Dakota Wood, James Phillips
Security, Middle East
The State Department announced early this month that U.S. and Turkish military delegations had reached an agreement on establishing a safe area in northern Syria for refugees fleeing the fighting that has devastated that country since 2011.
One major problem with this agreement is that the proposed zone would be detached from territory now controlled by Syria’s Kurdish militias, which have been operating under the umbrella of the Syrian Democratic Forces. Washington sees the Kurdish militias as key allies against ISIS, but Ankara regards them as enablers of the Turkish Kurd separatists that have been battling with Turkey since the 1980s.
The announcement omitted any meaningful details, such as key parameters for the zone or who will be in charge of actually maintaining security within the area. Perhaps that should not be too surprising. After all, the problem the agreement seeks to resolve is excruciatingly complex and impervious to easy answers or quick solutions.
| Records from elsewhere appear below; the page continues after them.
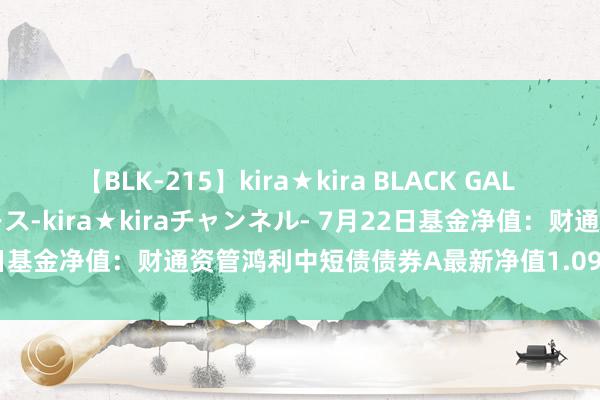 【BLK-215】kira★kira BLACK GAL 黒ギャル・EMIRIプロデュース-kira★kiraチャンネル- 7月22日基金净值：财通资管鸿利中短债债券A最新净值1.0955，涨0.05%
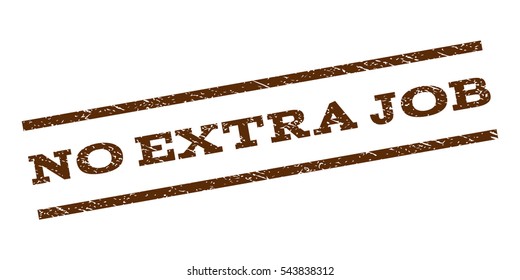 No Extra Job watermark stamp. Text caption between parallel lines with grunge design style. Rubber seal stamp with scratched texture. Vector brown color ink imprint on a white background.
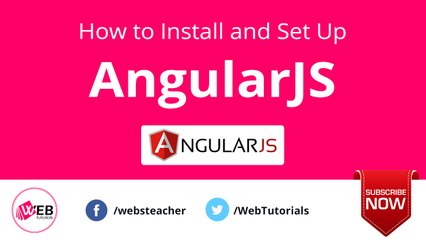 How to Install and Set Up AngularJS
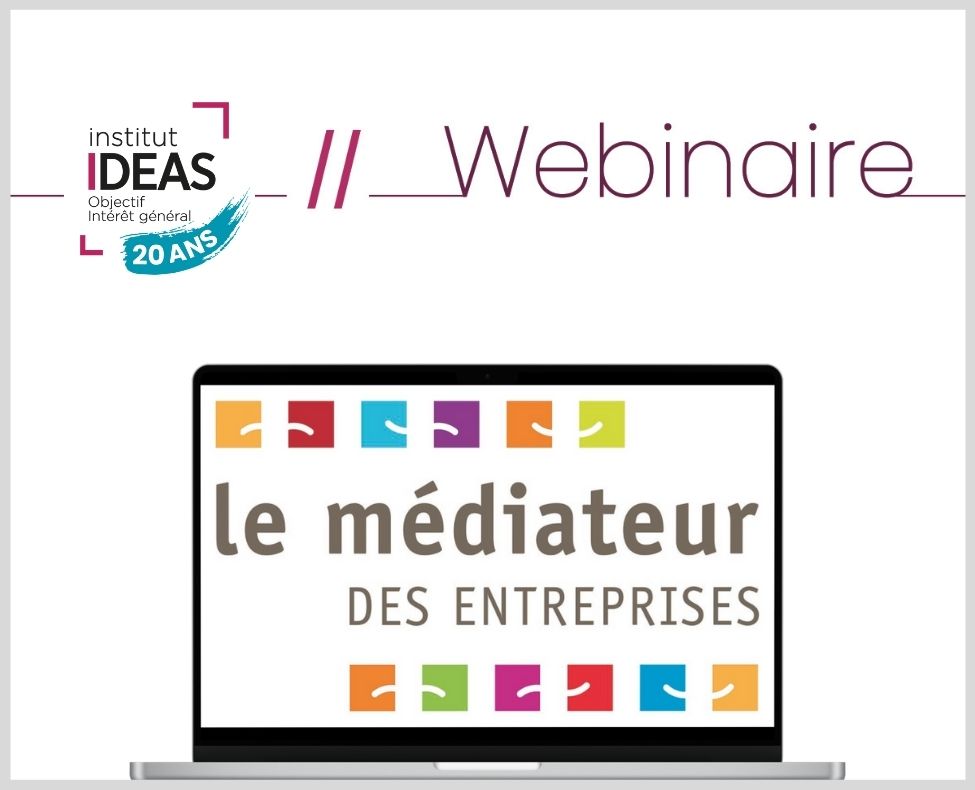 Webinaire avec Le Médiateur des entreprises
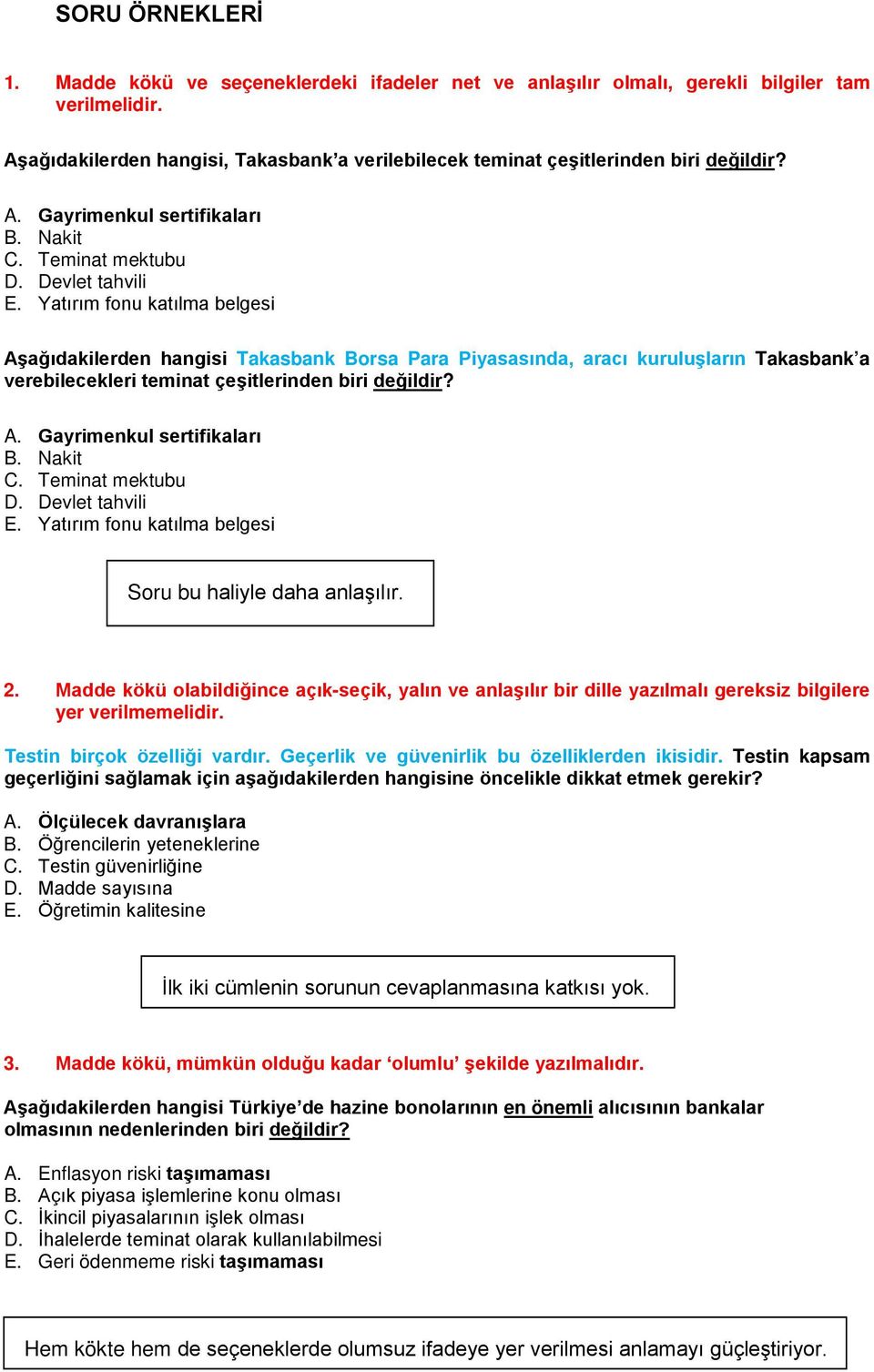 Yatırım fonu katılma belgesi Aşağıdakilerden hangisi Takasbank Borsa Para Piyasasında, aracı kuruluşların Takasbank a verebilecekleri teminat çeşitlerinden biri değildir? A. Gayrimenkul sertifikaları B.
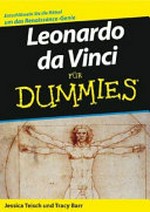 Leonardo da Vinci für Dummies [entschlüsseln Sie die Rätsel um das Renaissance-Genie]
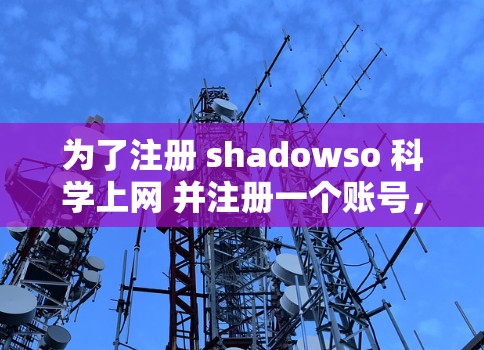 为了注册 shadowso 科学上网 并注册一个账号，按照以下步骤进行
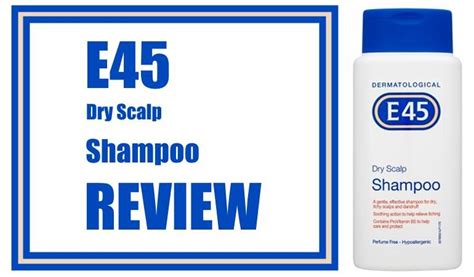 Review :: E45 Dry Scalp Shampoo | Dandruff Deconstructed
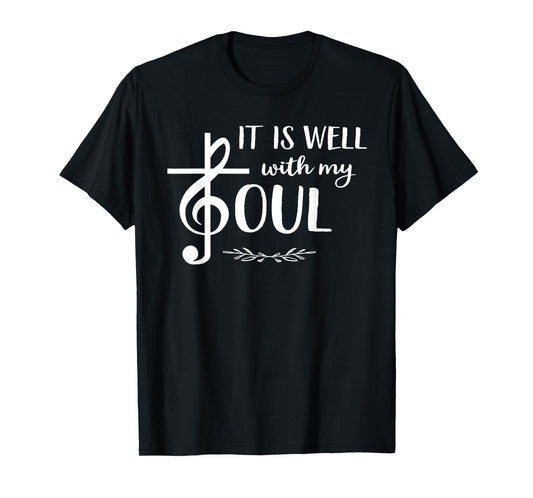 Religious Christian Music TShirt Well With My Soul Treble T-Shirt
Upwards of four million Syrian refugees have flooded into Turkey. Turkey wants to establish a safe area so it can start to relocate refugees, easing the strain it has put on Turkey’s domestic resources, not to mention the political problems it would rather not have. But in Turkey’s calculations, the safe zone doubles as an opportunity to push the Syrian Kurds farther away from Turkey’s border, thus making it harder for some monolithic Kurdish entity to assert itself in claiming Turkey’s eastern lands. So the agreement represents a potential double-win for Turkey, but at the expense of the Kurds.